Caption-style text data
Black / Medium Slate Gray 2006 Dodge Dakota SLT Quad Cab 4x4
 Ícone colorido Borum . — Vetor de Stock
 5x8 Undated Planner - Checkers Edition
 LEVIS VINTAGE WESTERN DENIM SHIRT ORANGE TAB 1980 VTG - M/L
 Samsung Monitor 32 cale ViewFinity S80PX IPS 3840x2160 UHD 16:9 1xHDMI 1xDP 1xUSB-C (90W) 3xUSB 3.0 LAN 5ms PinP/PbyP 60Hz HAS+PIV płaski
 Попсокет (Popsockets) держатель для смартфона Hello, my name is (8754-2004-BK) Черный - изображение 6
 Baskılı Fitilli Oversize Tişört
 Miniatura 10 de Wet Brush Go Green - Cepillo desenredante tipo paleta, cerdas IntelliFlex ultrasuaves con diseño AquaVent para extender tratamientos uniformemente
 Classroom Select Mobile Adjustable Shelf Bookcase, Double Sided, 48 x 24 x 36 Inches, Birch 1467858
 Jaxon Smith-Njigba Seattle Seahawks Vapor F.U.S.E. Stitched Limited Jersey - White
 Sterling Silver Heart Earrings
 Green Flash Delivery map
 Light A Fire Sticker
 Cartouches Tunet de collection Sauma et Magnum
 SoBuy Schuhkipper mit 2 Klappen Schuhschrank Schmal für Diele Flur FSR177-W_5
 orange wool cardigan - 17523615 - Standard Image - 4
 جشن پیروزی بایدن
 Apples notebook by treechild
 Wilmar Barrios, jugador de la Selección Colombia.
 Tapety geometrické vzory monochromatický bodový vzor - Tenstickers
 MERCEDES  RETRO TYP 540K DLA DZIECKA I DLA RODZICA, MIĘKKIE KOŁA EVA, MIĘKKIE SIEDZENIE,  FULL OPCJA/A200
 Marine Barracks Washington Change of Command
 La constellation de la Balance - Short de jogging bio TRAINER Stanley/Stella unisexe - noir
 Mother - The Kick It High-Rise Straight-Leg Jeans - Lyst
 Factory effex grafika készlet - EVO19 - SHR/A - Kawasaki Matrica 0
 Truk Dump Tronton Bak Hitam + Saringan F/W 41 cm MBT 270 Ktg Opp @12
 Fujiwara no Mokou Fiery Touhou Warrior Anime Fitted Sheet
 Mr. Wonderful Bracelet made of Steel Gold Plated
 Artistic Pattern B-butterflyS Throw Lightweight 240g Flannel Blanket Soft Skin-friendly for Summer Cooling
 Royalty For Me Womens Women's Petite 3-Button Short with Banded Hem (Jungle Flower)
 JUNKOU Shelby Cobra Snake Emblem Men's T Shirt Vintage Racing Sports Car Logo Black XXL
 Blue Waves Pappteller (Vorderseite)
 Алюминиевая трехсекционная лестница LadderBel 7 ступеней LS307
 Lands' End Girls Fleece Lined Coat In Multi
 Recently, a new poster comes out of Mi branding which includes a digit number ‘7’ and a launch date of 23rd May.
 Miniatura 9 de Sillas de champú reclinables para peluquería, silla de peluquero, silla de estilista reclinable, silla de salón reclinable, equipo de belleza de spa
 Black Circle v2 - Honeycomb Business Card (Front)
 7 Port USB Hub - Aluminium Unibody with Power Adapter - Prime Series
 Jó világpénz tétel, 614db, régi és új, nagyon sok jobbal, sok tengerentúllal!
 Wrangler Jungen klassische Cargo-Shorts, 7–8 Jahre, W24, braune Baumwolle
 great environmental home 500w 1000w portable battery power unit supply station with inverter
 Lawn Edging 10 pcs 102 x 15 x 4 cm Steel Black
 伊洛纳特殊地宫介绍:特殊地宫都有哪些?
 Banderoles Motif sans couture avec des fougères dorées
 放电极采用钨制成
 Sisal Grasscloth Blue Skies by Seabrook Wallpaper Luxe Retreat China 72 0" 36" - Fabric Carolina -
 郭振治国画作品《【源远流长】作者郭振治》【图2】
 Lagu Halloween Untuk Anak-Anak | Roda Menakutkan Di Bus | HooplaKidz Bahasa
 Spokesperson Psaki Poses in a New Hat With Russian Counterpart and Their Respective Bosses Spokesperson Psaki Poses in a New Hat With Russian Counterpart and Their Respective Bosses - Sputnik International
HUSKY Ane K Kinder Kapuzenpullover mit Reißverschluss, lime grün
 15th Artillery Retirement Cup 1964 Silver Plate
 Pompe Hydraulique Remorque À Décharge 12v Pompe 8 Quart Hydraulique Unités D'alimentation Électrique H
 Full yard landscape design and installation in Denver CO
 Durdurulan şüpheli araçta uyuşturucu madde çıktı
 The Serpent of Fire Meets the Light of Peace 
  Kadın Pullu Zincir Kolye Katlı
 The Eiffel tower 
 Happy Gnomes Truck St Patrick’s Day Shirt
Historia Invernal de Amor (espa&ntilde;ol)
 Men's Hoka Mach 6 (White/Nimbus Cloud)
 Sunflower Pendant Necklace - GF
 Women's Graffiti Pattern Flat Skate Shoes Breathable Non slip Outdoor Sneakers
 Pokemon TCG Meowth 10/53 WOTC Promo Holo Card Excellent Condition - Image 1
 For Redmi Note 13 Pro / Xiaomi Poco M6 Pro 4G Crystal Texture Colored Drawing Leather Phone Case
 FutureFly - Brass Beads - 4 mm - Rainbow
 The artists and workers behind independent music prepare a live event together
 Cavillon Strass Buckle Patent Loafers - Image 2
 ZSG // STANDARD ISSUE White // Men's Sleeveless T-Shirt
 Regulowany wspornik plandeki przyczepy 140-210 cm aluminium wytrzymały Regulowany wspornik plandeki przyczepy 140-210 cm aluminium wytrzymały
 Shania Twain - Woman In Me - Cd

--- Exercise directions ---
Taking the entries above, write out exactly each line from the one holding "Jaxon Smith-Njigba Seattle" to the one holding "Wilmar Barrios, jugador", both included, and stop there.

--- Written solution ---
 Jaxon Smith-Njigba Seattle Seahawks Vapor F.U.S.E. Stitched Limited Jersey - White
 Sterling Silver Heart Earrings
 Green Flash Delivery map
 Light A Fire Sticker
 Cartouches Tunet de collection Sauma et Magnum
 SoBuy Schuhkipper mit 2 Klappen Schuhschrank Schmal für Diele Flur FSR177-W_5
 orange wool cardigan - 17523615 - Standard Image - 4
 جشن پیروزی بایدن
 Apples notebook by treechild
 Wilmar Barrios, jugador de la Selección Colombia.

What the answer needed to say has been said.